§ Given information:
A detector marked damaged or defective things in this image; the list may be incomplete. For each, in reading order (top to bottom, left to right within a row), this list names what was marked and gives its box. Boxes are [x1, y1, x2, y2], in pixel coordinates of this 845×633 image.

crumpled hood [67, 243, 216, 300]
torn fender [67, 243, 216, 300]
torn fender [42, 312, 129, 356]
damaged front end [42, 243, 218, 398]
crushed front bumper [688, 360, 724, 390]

§ Work instructions: Restate the entries. Match them exactly.

§ Exercise answer:
A detector marked damaged or defective things in this image; the list may be incomplete. For each, in reading order (top to bottom, left to right within a row), this list names what was marked and gives its box. Boxes are [x1, y1, x2, y2], in pixel coordinates of this 845×633 image.

crumpled hood [67, 243, 216, 300]
torn fender [67, 243, 216, 300]
torn fender [42, 312, 129, 356]
damaged front end [42, 243, 218, 398]
crushed front bumper [688, 360, 724, 390]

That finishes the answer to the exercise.